Mayra Laudanna é professora do Instituto de Estudos Brasileiros da USP. Realiza pesquisa sobre arte brasileira, em especial sobre gravadores dos séculos 20 e 21 e artistas do período joanino, com ênfase em escultores. Já publicou De Valentim a Valentim: a escultura brasileira – século 18 ao 20, em conjunto com Emanoel Araújo; Ermelindo Nardin, em conjunto com Leon Kossovitch; e Alex Flemming: obra gráfica 1978-1987.
O ARTISTA
Marcello Grassmann (1925-2013) nasceu em São Simão, viveu e trabalhou em São Paulo. Formado em fundição, mecânica e entalhe em escolas técnicas, fez xilogravuras e ilustrações para jornais no começo de carreira. Em 1949, transferiu-se para o Rio de Janeiro. Frequentou cursos de gravura em metal com Henrique Oswald (1918-1965) e de litografia com Poty (1924-1998), no Liceu de Artes e Ofícios. Conviveu com Lívio Abramo (1903-1933) e Oswaldo Goeldi (1895-1961), que foram suas referências artísticas. Em 1952, foi para Salvador, onde trabalhou com Mário Cravo Júnior. Ganhou prêmio de viagem ao exterior em 1953, do Salão Nacional de Arte Moderna, tendo viajado para Viena, onde estudou na Academia de Artes Aplicadas.
três perguntas para...
MAYRA LAUDANNA
PESQUISADORA DE ARTE
Qual a importância da dedicação de Marcello Grassmann ao desenho e à gravura?
Ela se mostra quando se considera que o mercado de arte brasileiro, ainda hoje, valoriza pouco a gravura. O desenho tem certa valorização, por ser peça única, no entanto há muito preconceito em relação à gravura, uma vez que o valor dela está distribuído entre a quantidade de obras da edição. Na Europa e nos Estados Unidos a gravura é mais valorizada.
Como você avalia a geração que se afirma a partir dos anos 1940?
Artistas como Marcello Grassmann, Octávio Araújo, Luiz Sacilotto, entre outros, são de importância para se entender a arte brasileira daqueles anos e dos posteriores. Eles fazem uma arte que conversa com o mundo. A obra deles e de outros artistas que começam a expor no final dos anos 1940 permite pensar a arte brasileira sem os modelos já fixados pela historiografia. A partir do realizado por gravadores, pintores e escultores cuja produção se afirma nos decênios sequentes à Segunda Guerra, é possível pensar a arte sem se fixar no discurso hoje padronizado sobre a Semana de Arte Moderna. A semana é de importância capital para a história, mas o Brasil é maior do que aquele momento.

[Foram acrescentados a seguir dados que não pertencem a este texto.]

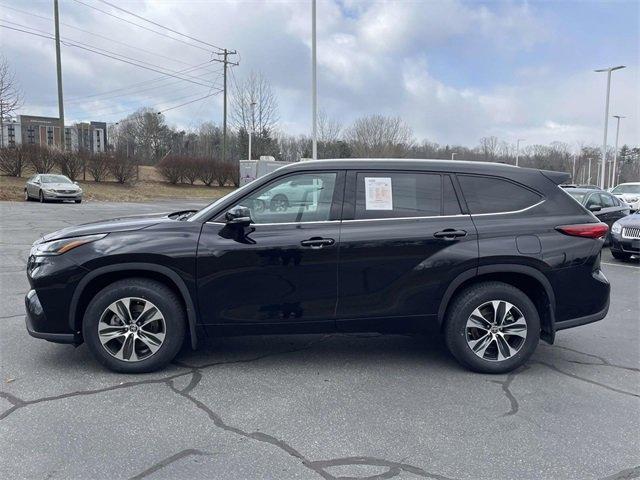 used 2022 Toyota Highlander car, priced at $36,608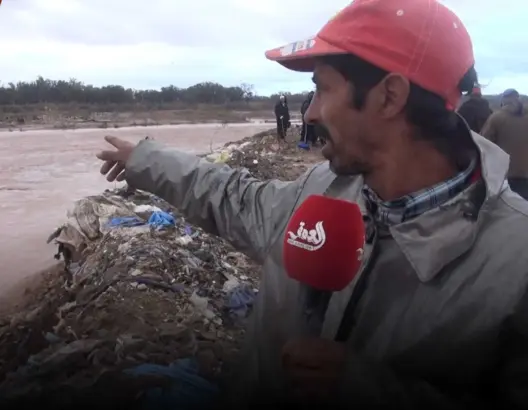 السيول تحاصر رعاة بواد سوس.. وسلطات إنزكان تستعين بمروحية الجيش لإنقاذهم (فيديو)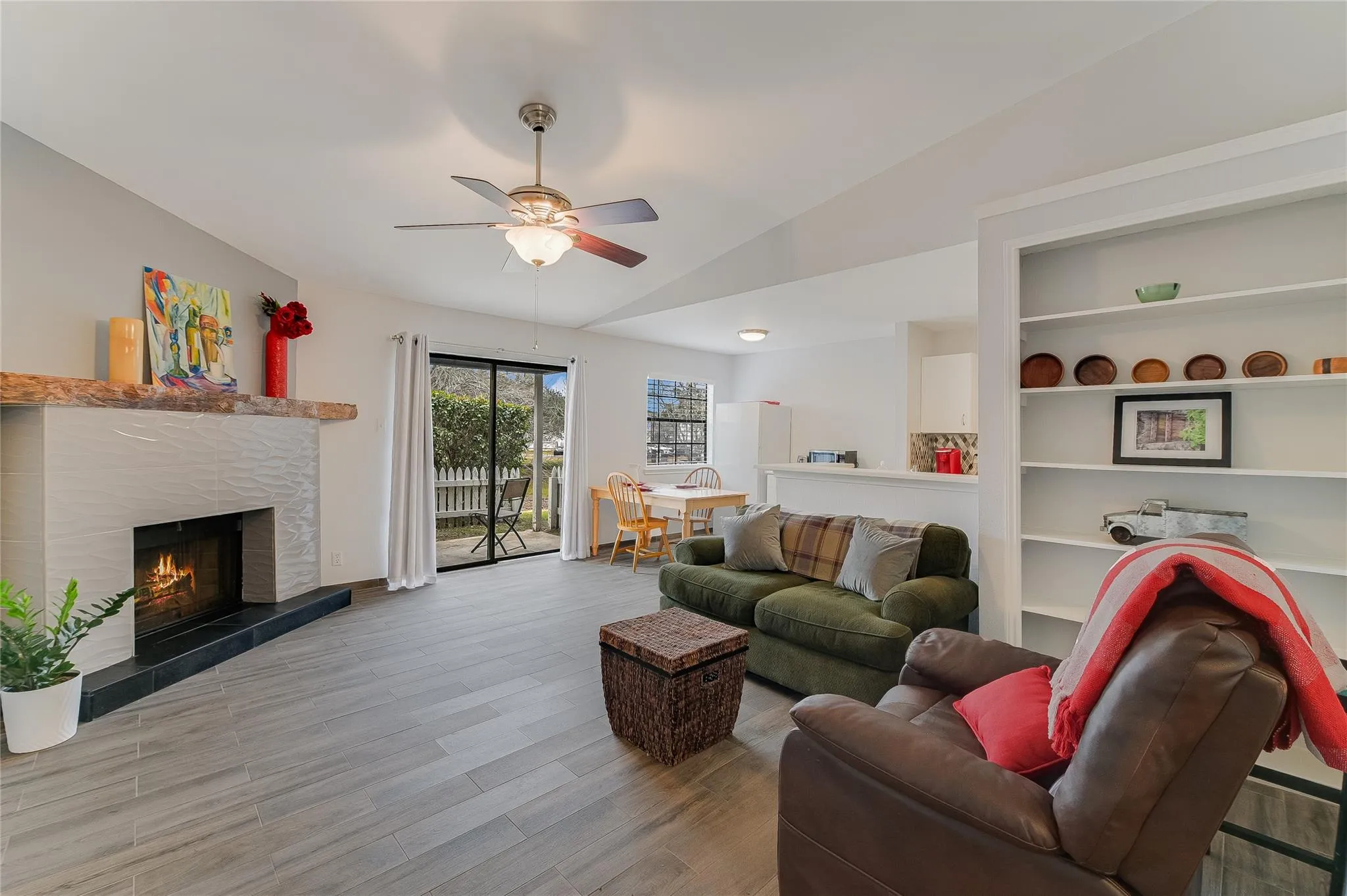 Photo 2 of 1601 FARO DR #2403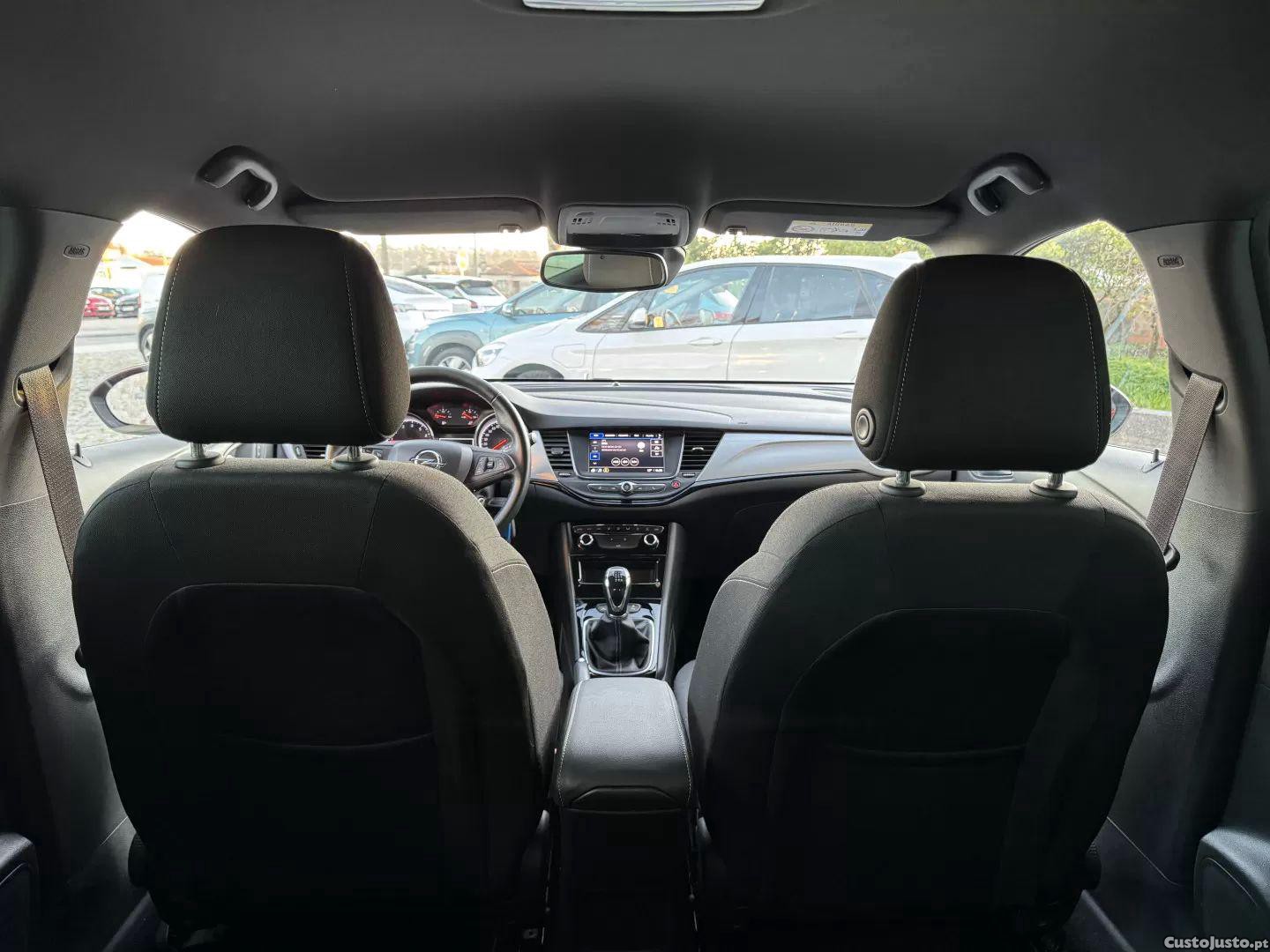 Opel Astra 1.2 t gs line — fotografia 18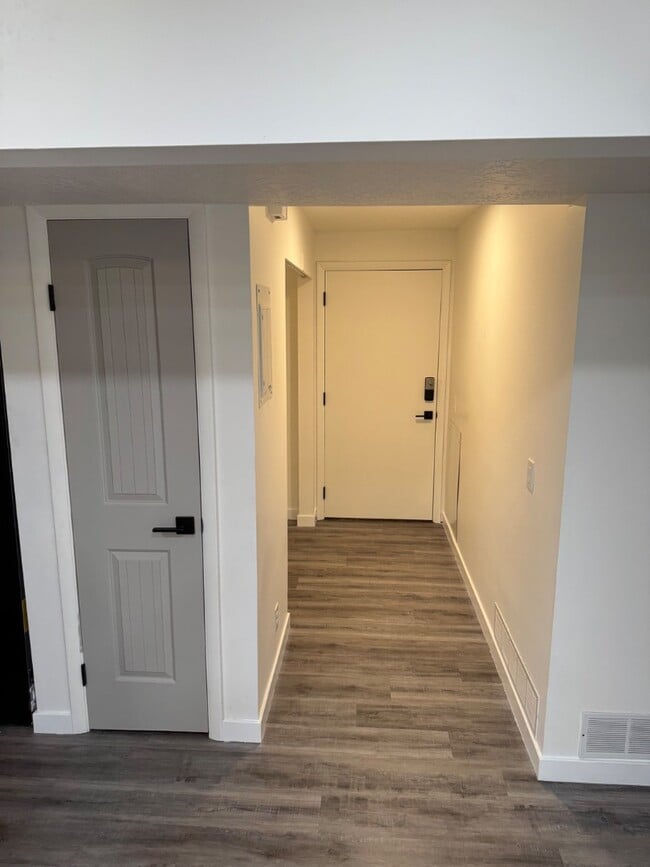 Building Photo - 5579 S 2800 W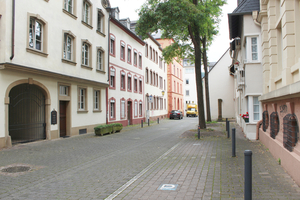  Ausgangspunkt: Das Gebäude (mit ziegelroten Gliedgerungen) wurde ersetzt. Das freie rückseitige Grundstück bot Platz für die Weiterentwicklung des Angebots der Ppsychiatrie 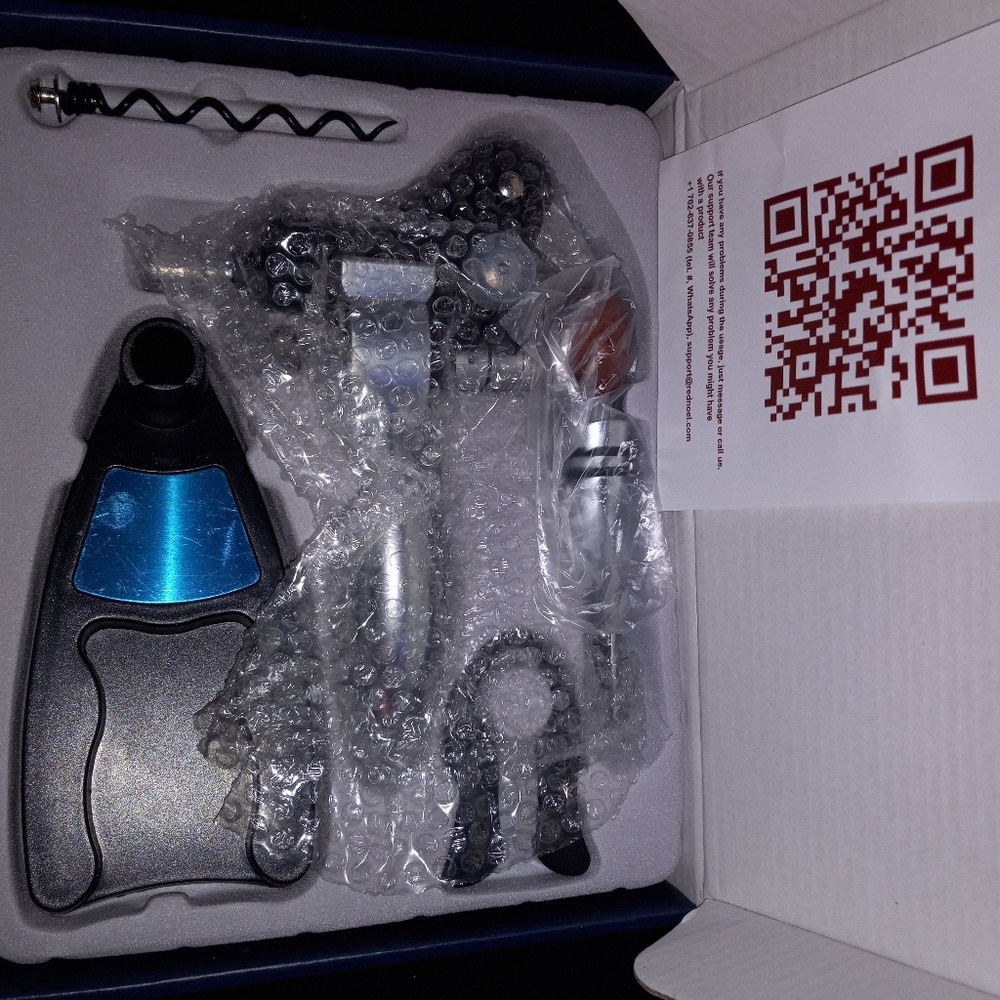 Red Noel Wine Accessories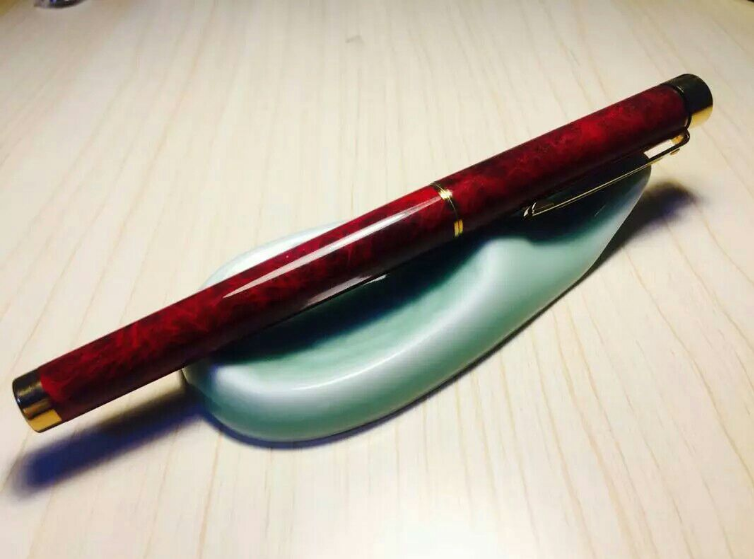 【萌芽】钢笔，哪里去了（小小说）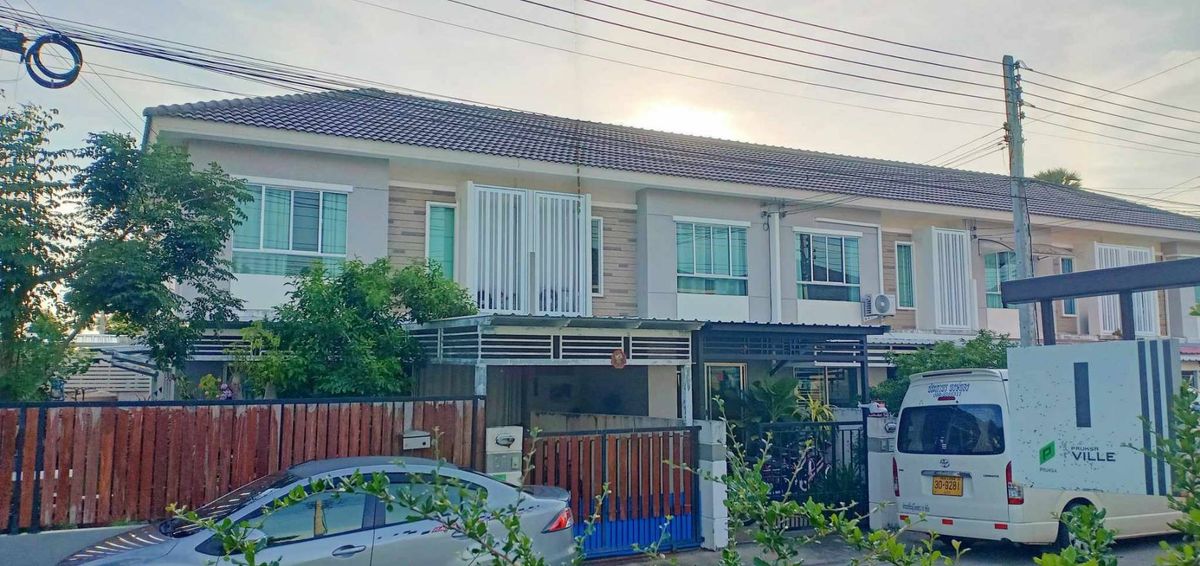 For SaleTownhomePhuket : 2 -storey townhouse for sale, Pruksa Ville M. (Bo), a shady atmosphere, good location, convenient to travel near Lotus and Makro Pranglang.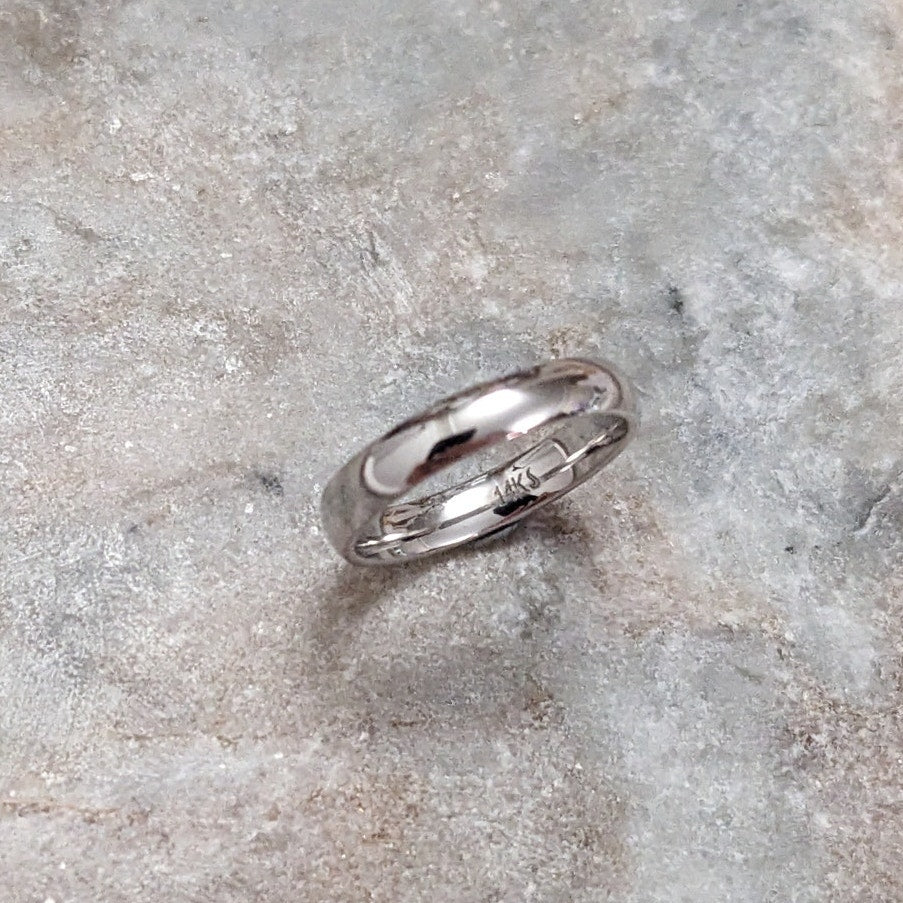Preowned 14k White Gold Simple Dainty Band Ring / Midi Ring Size 3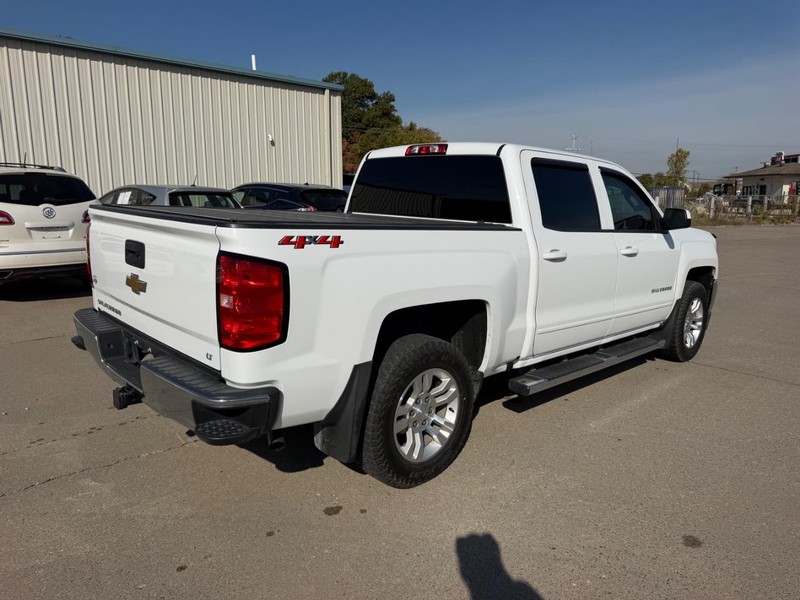 Chevrolet Silverado 1500 Vehicle Full-screen Gallery Image 3
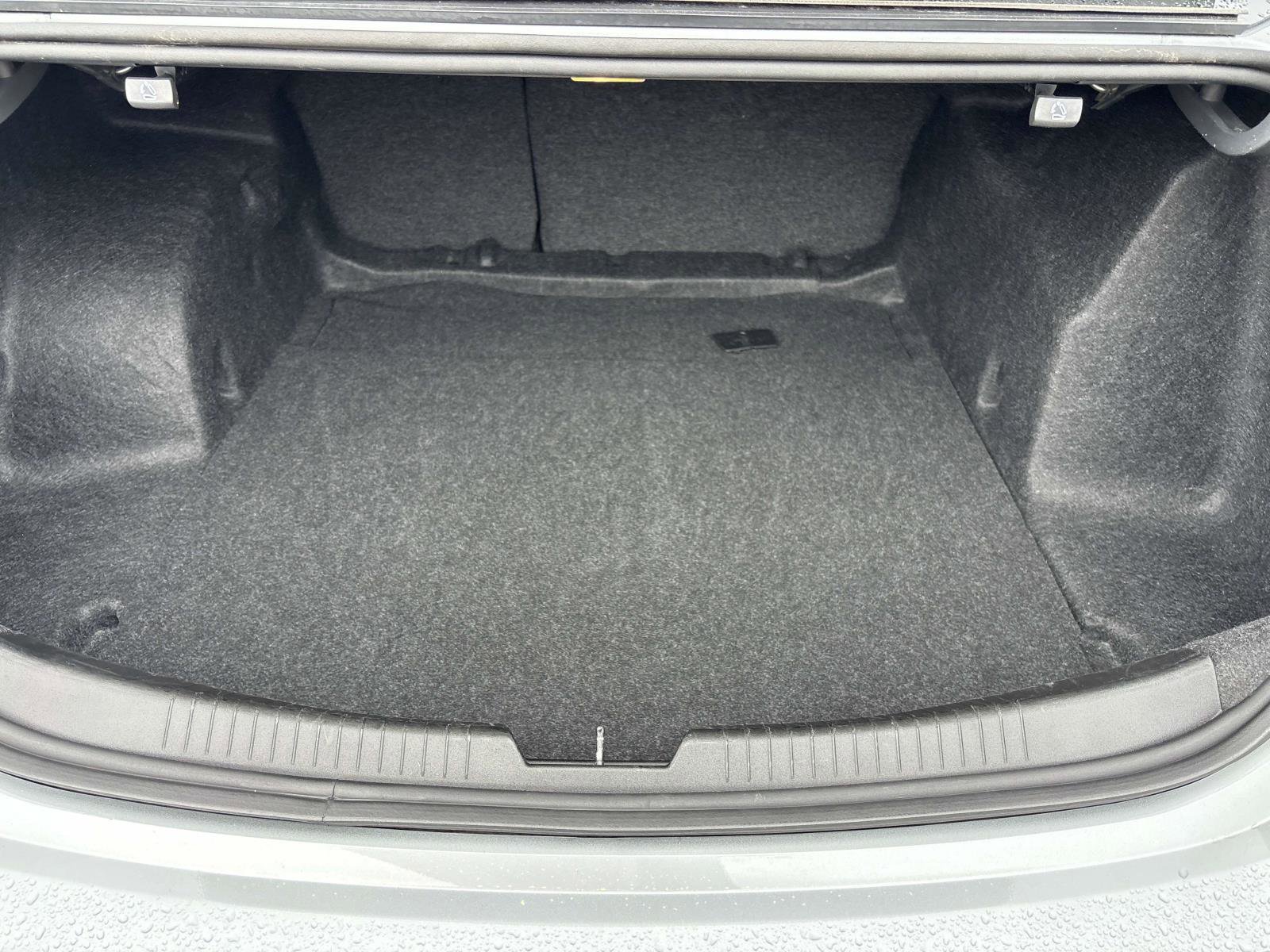 Used 2024 Chevrolet Malibu LT image 11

O que contribuiria para a qualidade da pesquisa sobre arte hoje no Brasil?
Seria importante evidenciar a necessidade das instituições de artes, arquivos, bibliotecas e outros centros, de construírem arquivos sobre os artistas, com correspondências pessoais, cadernos de anotações e outras fontes primárias. E colocá-los à disposição de futuros pesquisadores. Do mesmo modo como se faz com os arquivos de escritores, que servem para várias pesquisas, só que os de artistas ainda são mínimos. Como não temos o hábito de reunir documentos de artistas, eles acabam se perdendo.